Le 15 mai 2013, le défendeur fut condamné à faire réaliser les travaux à ses frais, et ce, sous astreinte de 10 000 XPF (84 €) par jour de retard, passé un délai de trois mois, à compter de la signification du jugement.
Ayant interjeté appel, celui-ci plaida que, bien au contraire, sa maison était en conformité avec le permis de construire que lui avait délivré l’autorité compétente.
Mal lui en prit, il fut condamné de plus belle à démolir, à ses frais, sa propre maison, cette fois sous astreinte d’avoir à payer 100 000 XPF (838 €) par jour de retard, passé un délai de trois mois après la signification du jugement.
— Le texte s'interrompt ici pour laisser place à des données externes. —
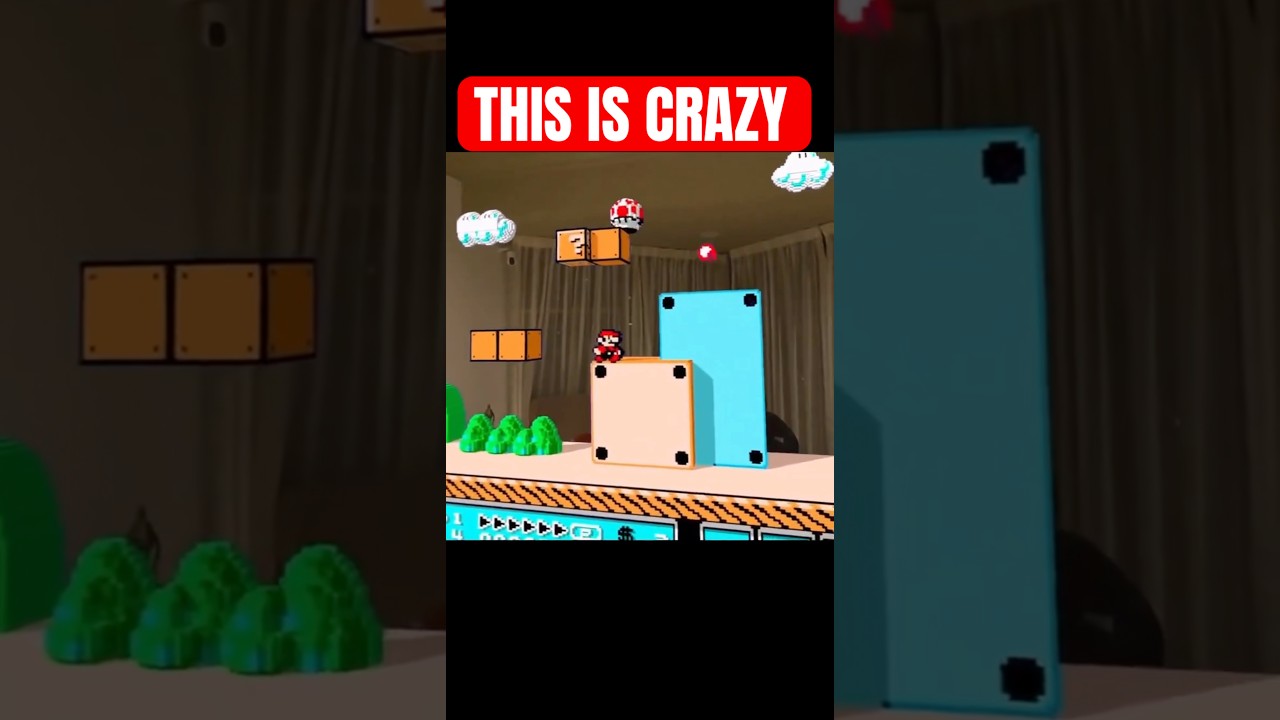 3D Augmented Reality NES is a TRIP!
L’arrêt met en outre à sa charge le versement, à son adversaire, de dommages-intérêts (4 190 €), outre de substantiels frais irrépétibles (5 028 €).
La Cour juge que la construction litigieuse est bien constitutive d’« un trouble de voisinage qui excède les inconvénients normaux du voisinage et qui ne peut cesser que par sa démolition ».
En outre, elle précise que « le juge judiciaire est compétent pour ordonner la démolition, dès lors que la construction cause à autrui un trouble de voisinage, peu importe que les règles d’urbanisme soient ou non respectées ».
De la sorte, il est fait rigoureusement application de l’article 651 du Code civil et de la jurisprudence de la troisième chambre civile de la Cour de cassation, selon laquelle les juges n’ont pas à rechercher une faute, dès lors que sont caractérisées l'existence et l'origine d’un trouble anormal de voisinage.
La maxime se vérifie un fois encore : « la mer est le chemin des audacieux ».
1. - Fare : n. c. en tahitien signifiant : « maison, case, domicile, demeure, bâtiment » : Dictionnaire de l’Académie Tahitienne en ligne [http://www.farevanaa.pf/dictionnaire.php].
2. -Cass., civ. 3, 12 févr. 1992, n° 89-19.297 : Bull. 1992, III, n° 44, p. 27 ; JCP G, 1992, n° 16, IV, n° 1106, p. 119 ; JCP N, 1992, n° 41, II, p. 330.
3. -Maxime attribuée à ALCUIN (735-804), conseiller de Charlemagne.